### Dataset content
▶

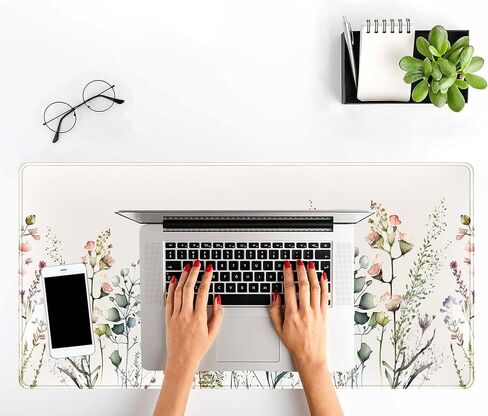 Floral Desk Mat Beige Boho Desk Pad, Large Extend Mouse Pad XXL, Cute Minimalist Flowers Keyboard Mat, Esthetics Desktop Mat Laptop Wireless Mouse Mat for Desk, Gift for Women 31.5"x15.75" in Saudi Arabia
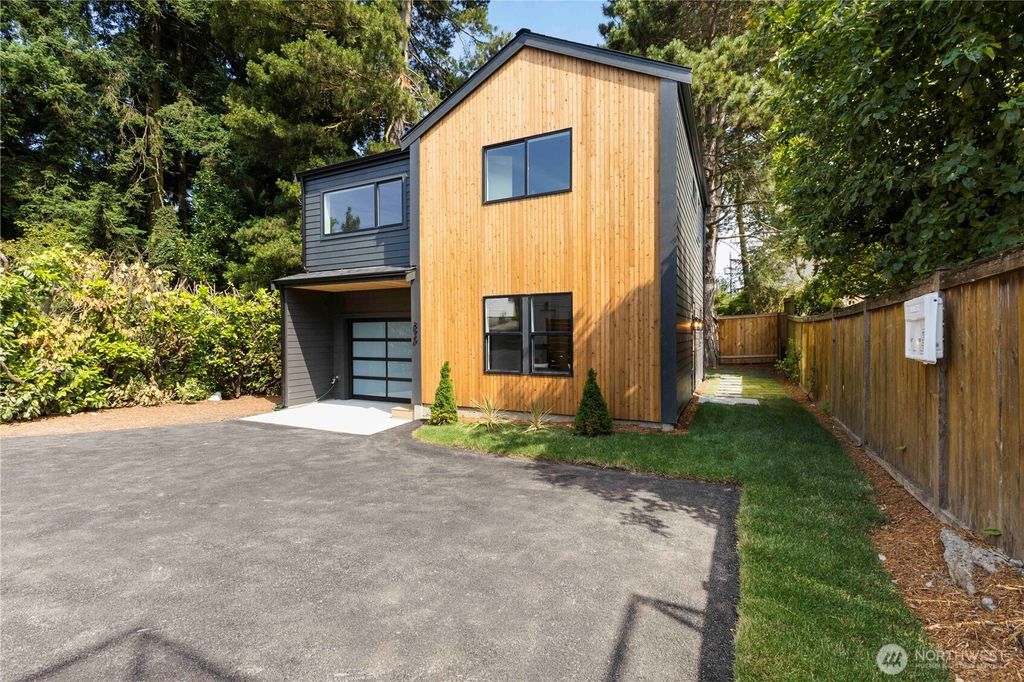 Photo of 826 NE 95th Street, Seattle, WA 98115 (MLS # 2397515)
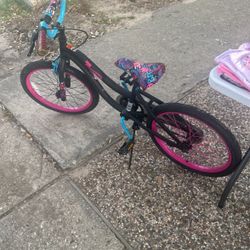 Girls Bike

◀

### Requirement
The listing is to be repeated word for word, with all pictures omitted.

### Expected answer
 Floral Desk Mat Beige Boho Desk Pad, Large Extend Mouse Pad XXL, Cute Minimalist Flowers Keyboard Mat, Esthetics Desktop Mat Laptop Wireless Mouse Mat for Desk, Gift for Women 31.5"x15.75" in Saudi Arabia
 Photo of 826 NE 95th Street, Seattle, WA 98115 (MLS # 2397515)
 Girls Bike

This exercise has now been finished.